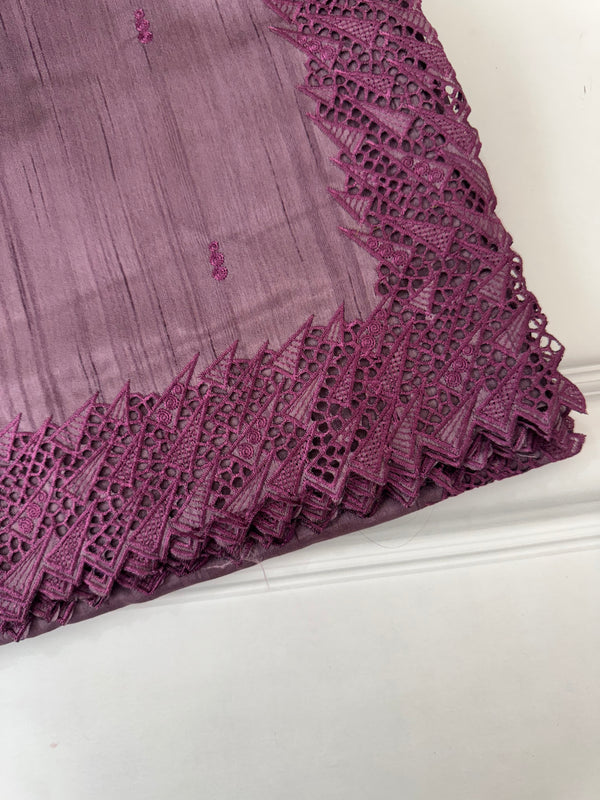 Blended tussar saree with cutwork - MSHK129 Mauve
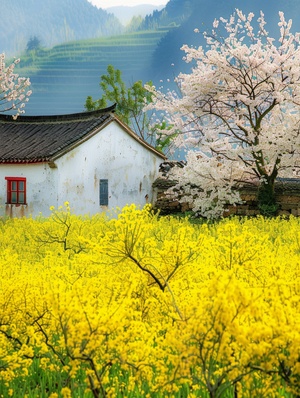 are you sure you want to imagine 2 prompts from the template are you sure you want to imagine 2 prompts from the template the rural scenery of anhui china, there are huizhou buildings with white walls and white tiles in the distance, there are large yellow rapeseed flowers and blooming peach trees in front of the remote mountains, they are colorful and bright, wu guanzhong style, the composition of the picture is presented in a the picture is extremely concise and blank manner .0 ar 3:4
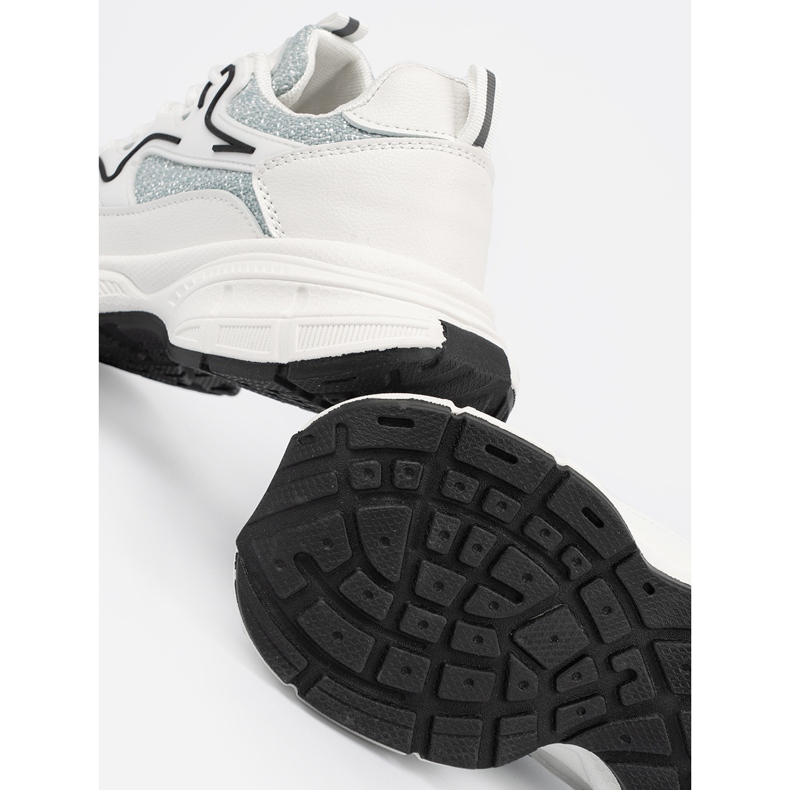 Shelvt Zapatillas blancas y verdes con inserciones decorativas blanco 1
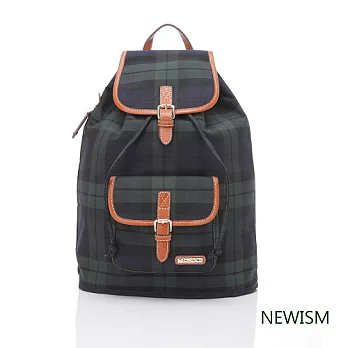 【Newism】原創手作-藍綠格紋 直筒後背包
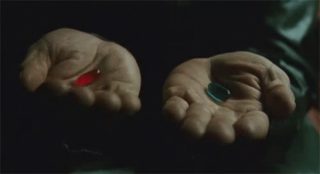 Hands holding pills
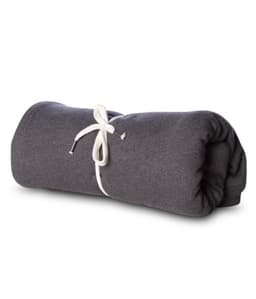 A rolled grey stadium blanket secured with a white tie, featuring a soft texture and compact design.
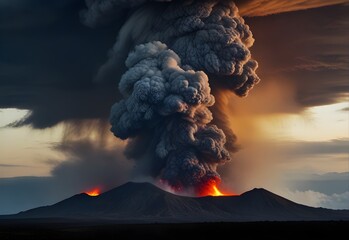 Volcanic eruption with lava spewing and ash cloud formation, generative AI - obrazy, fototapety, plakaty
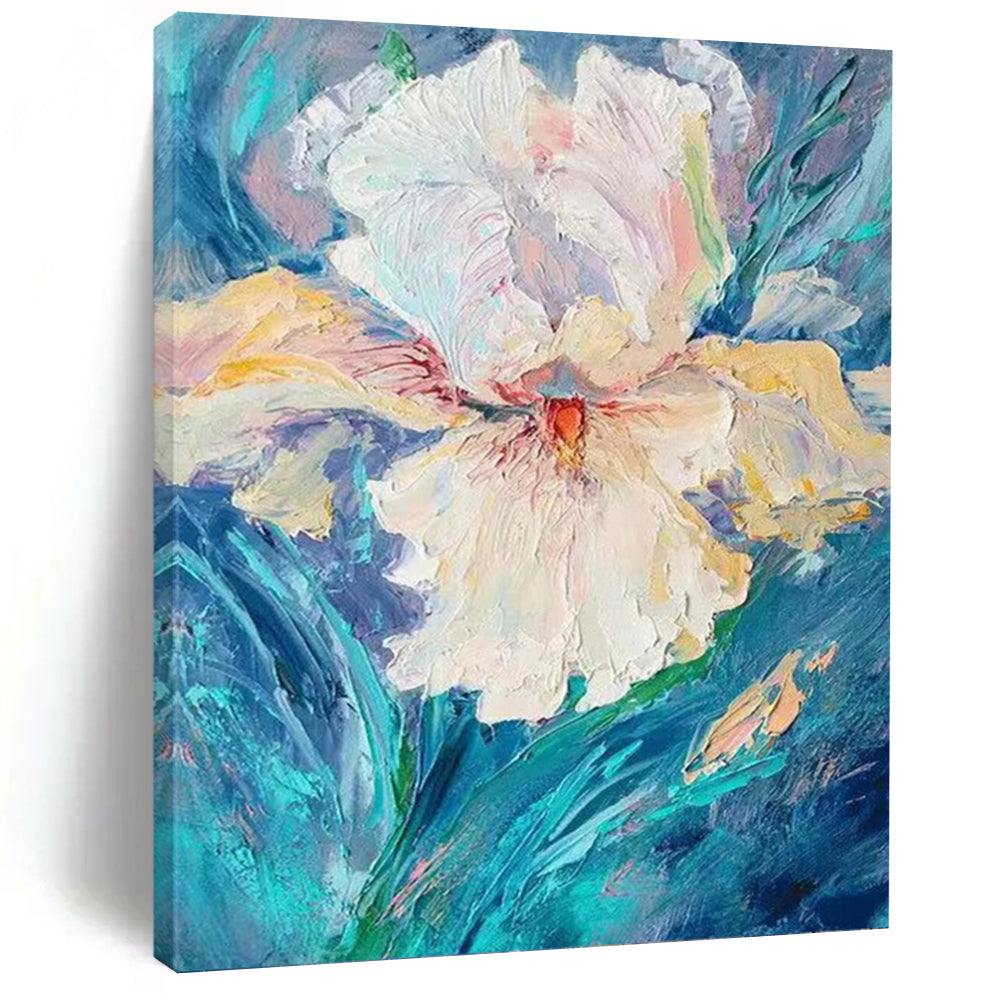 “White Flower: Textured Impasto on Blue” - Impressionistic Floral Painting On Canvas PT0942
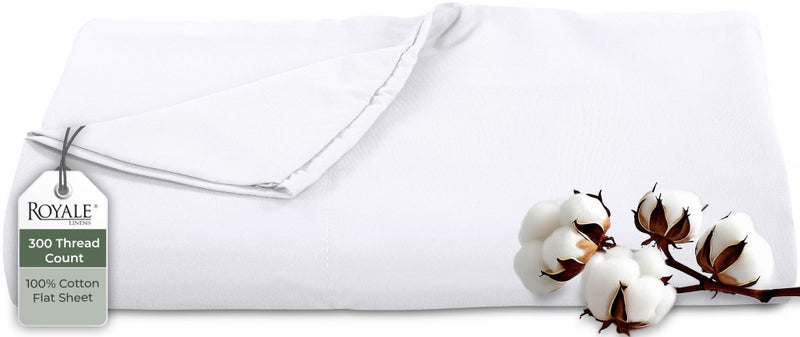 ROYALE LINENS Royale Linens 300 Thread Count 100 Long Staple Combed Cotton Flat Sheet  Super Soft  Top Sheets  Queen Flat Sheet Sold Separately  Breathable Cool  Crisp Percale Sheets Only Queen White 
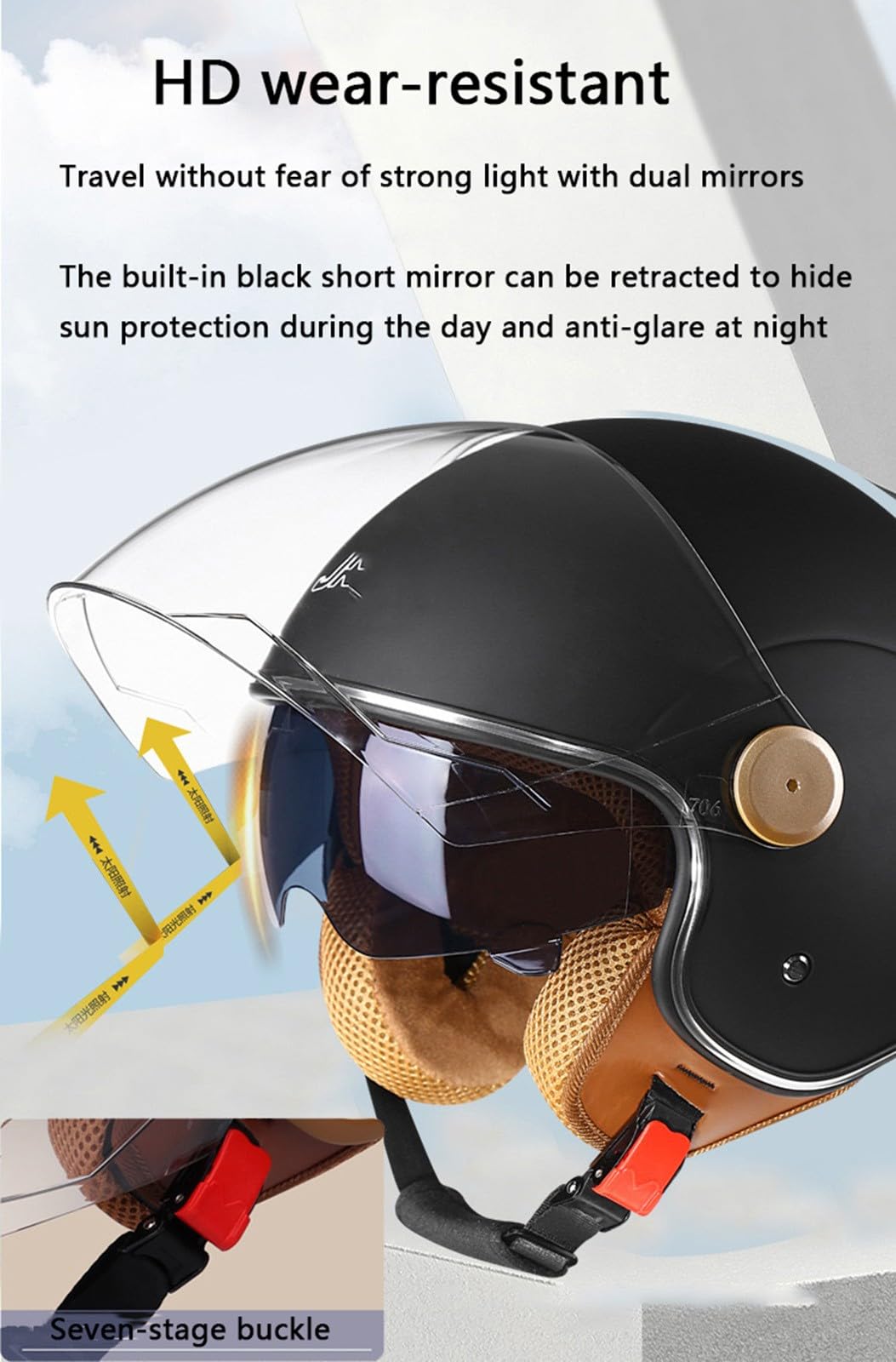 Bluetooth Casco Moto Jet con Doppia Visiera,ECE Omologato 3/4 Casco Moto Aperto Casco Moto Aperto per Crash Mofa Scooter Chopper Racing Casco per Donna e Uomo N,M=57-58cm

* TASK PROMPT
What do the lines above say from the line containing "A rolled grey" through the last line? Quote them exactly, both ends included, and leave out the pictures.

* RESPONSE
 A rolled grey stadium blanket secured with a white tie, featuring a soft texture and compact design.
 Volcanic eruption with lava spewing and ash cloud formation, generative AI - obrazy, fototapety, plakaty
 “White Flower: Textured Impasto on Blue” - Impressionistic Floral Painting On Canvas PT0942
 ROYALE LINENS Royale Linens 300 Thread Count 100 Long Staple Combed Cotton Flat Sheet  Super Soft  Top Sheets  Queen Flat Sheet Sold Separately  Breathable Cool  Crisp Percale Sheets Only Queen White 
 Bluetooth Casco Moto Jet con Doppia Visiera,ECE Omologato 3/4 Casco Moto Aperto Casco Moto Aperto per Crash Mofa Scooter Chopper Racing Casco per Donna e Uomo N,M=57-58cm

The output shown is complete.